One of the commenters to my original post mentioned that many students taking biology in his school fail. You know, so do ours. Biology is the most frequently failed class in our school. And in looking at test scores, biology has the fewest students able to meet the standards (vs. 10th graders taking other science courses). We have talked about this a lot at my school, but have not determined any hard and fast answers. Is it because their knowledge of basic chemistry isn't developed enough to handle DNA and other organic bases in biology? Is it because more new terms are used in a high school science text than a student is exposed to in a year of a foreign language class? Does it have anything to do with the brain's "readiness" in terms of pre-frontal lobe development---maybe the kids just are not physically able to process the knowledge? Is it bad teaching? Poor study habits? We don't have a ready answer. Why, oh why are we keeping biology as an introductory high school class? Well, we think we can change most of these items and are making efforts to do so.
Junior high/middle school is a whole different animal. I don't know when such an idea was established, and really, most districts seem to be struggling with how to handle the 6 - 8 grade band. Again, the "traditional" sequence has been General Science, Life Science, Earth/Space Science. Many schools are now choosing a more "integrated" model, where students have some exposure to each topic throughout the year. Our district did consider this---but there were a number of reasons why it didn't make sense for us to choose this option.

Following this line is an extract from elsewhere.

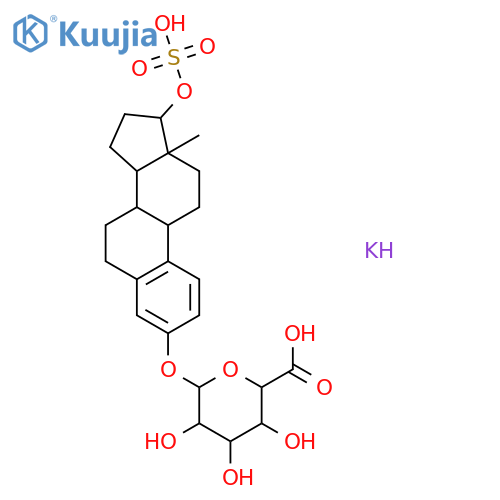 β-Estradiol 3-(β-D-Glucuronide) 17-Sulfate Dipotassium Salt structure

Since we were in high school, gentle readers, a lot has happened with the school day. One of you wondered if classes were shorter or perhaps the teaching day longer. I'll see if I can find any info on that idea. What I can tell you is that there are all sorts of permutations to the daily schedule: traditional 6 or 7 periods a day, block schedules, modified blocks, and more. A state may choose to set a number of "contact minutes" a student must have or the number of days a class must be in session. Again, there's a lot of discussion here. If a kid can meet standards, do they really need to be in class as long as a kid who doesn't? Does a one-size-fit-all-school-year make sense? Right now, legislatures are saying "yes."
A final note, as there was also a comment about the math sequence: algebra is now a 7th and 8th grade class...and the sequence follows from there. A kid who takes algebra in high school (as you and I did) is considered to be significantly behind his or her peers. It is the lowest math class available for credit. Since math also has a two credit requirement for graduation, we have many kids who finish that requirement in grade 8 and then opt out of math throughout high school. It's beginning to be a real problem, but it, too, is being tackled.